It appears no one has lost their faith in Sting, with close to 12,000 fans filling Sandalford Estate for the first show on the singer's national Symphonicity tour.
The uber fit 59-year-old kicked off the concert with four of his biggest hits - 'If I Ever Lose My Faith In You', 'Every Little Thing She Does Is Magic', 'Englishman In New York' and 'Roxanne'. Although, the latter was barely recognisable. Slowed down and lushed up those old pleas of "Roxanne, you don't have to put on the red light", seemed to take on new meaning.
Of course it is all part of Sting's plan for Symphonicity. The acclaimed tour sees the singer, born Gordon Sumner, "re-imagining" his classic hits and some lesser known songs for orchestral arrangement. And while he didn't always succeed in his plan to add new colour and contrast to his songs, those that best utlised the sublime Melbourne Symphony Orchestra were standouts.
"Russians" was possibly the most striking arrangement of the night. Conductor Steven Mercurio from London's The Royal Philharmonic Orchestra was a joy to watch as he theatrically flapped and twirled, rose and fell. It's little wonder Sting brought this famed conductor on the ride with him.
Also along for the ride was Sting's long time guitarist Dominic Miller, bassist Ira Coleman, Rhani Krija and David Cossin on percussion and Adelaide singer Jo Lawry. The petite blonde, who has been part of the tour since the start, was a knockout on the duet Whenever I Say Your Name.
Sting was clearly enjoying himself on his latest outing which comes on the back of his two previous visits - the first playing with the Police at NIB Stadium in early 2008 and the secound playing 16th Century lute music at the Concert Hall at the end of 2008. He danced, howled at the moon at the end of 'Moon Over Bourbon St' and even joined in some januty dancing with the rest of the band.
"How wonderful to be back in Western Australia on a lovely balmy evening," he said.
Later he would claim he almost could have been a Perth boy if his dad had followd his brother and emigrated to WA.
He acknowledged his uncle and cousins in the crowd and said he wondered if his dad ever regretted not coming to Australia.
"He told me 'when you leave school I want you to take to the sea' I think he wanted me to see the world and live an exciting life. I disappointed him," he quipped.
"Eventually I did get my sea ticket, I was a singer on a cruise ship."
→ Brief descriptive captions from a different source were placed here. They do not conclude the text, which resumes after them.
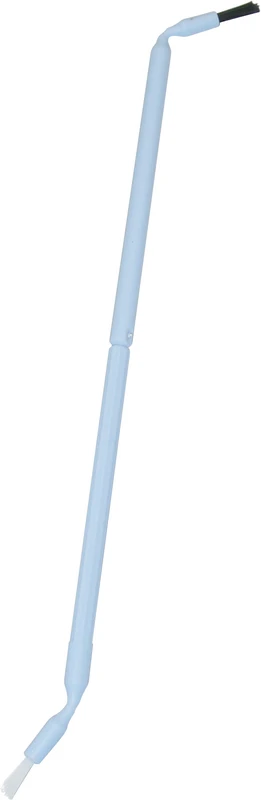 Benda® Brush Regular  Nachfüllpackung  2 x 200 Stück blau, auseinanderziehbarer Griff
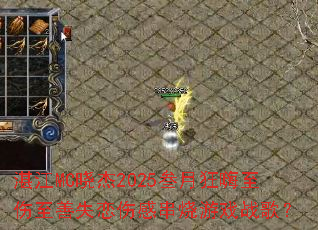 տ��MC����2025���¿�����������ʧ���˸д�����Ϸս�裿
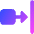 Move Right Icon from Core Gradient Set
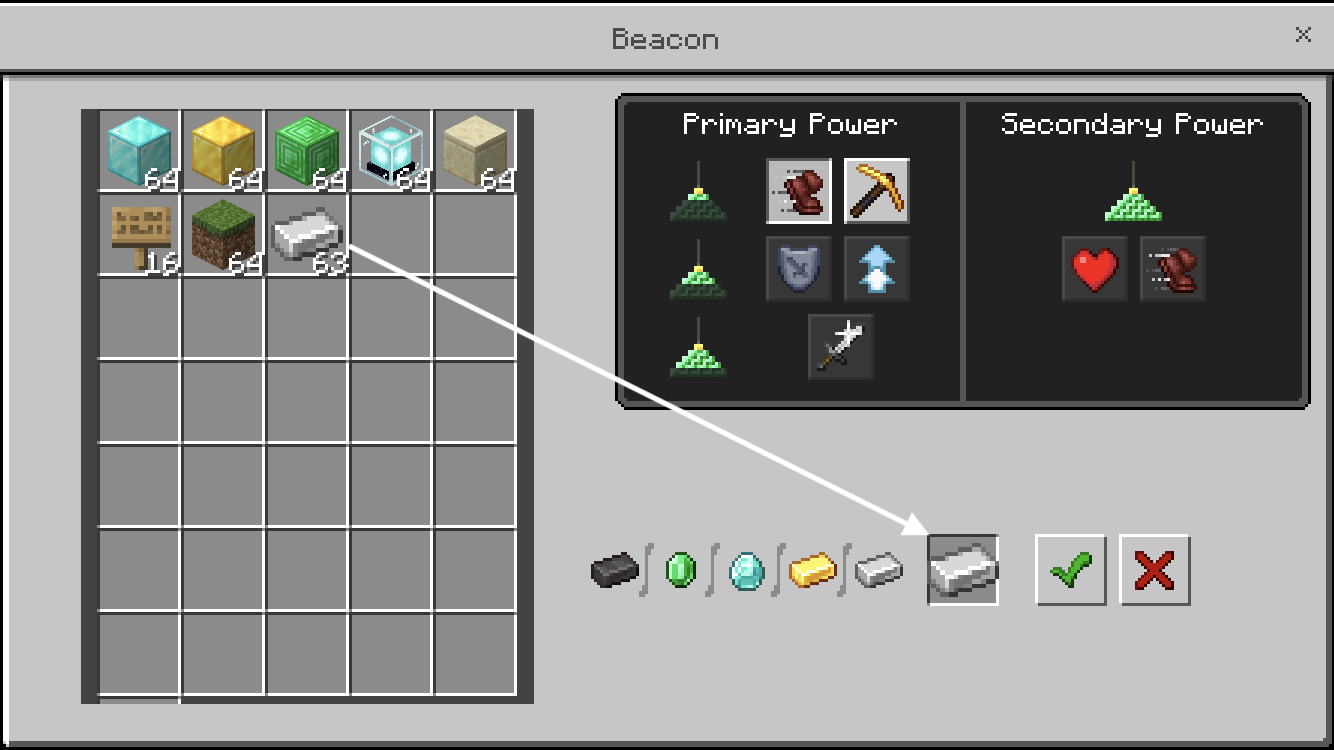 How to Create a Beacon in Minecraft : 7 Steps - Instructables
The first half was rounded out by 'Fields of Gold' and early Police favourite 'Next To You', which brought things to a rocking end.
The second half seemed to wane a little as Sting brought out his more obscure songs such as 'This Cowboy Song', ballad 'You Will Be My Ain True Love' from the film Cold Mountain and the tale of two foxes 'The End of the Game'.
He introduced 'Tomorrow We'll See' by explaining that he'd at first tried to deny the voice of the male transsexual prostitute that arose when he was writing the lyrics, but the voice would not give in. "He said 'how dare you be so judgemental, you could be me in another life'".
'Moon Over Bourbon St' featured a costume change as Sting got theatrical in his dark tails.
"Do you have vampires in Australia? They exist you know. One night I was walking in New Orleans, in the French Quarter and I had the distinct impression I was being followed..." he said by way of introduction.
Mercurio was in his element too, all long backlit limbs draped in black working the orchestra into a sinister frenzy.
The second half ended on a high with 'King of Pain' and 'Every Breath You Take'. Both had the audience on their feet dancing and singing along.
'Desert Rose' kicked off the encore and 'Fragile' was dedicated to "the people of Queensland and Victoria, some of whom have lost everything". It was a fitting tribute and follows the singer's announcement that he would be making a personal donation to the cause.
However it was the surprise inclusion of 'Message In A Bottle' at the very end of the set that created a spine-tingling moment. As Sting stood on stage strumming his guitar, 12,000 voices liftted through the air: "I'm sending out an SOS". Magic.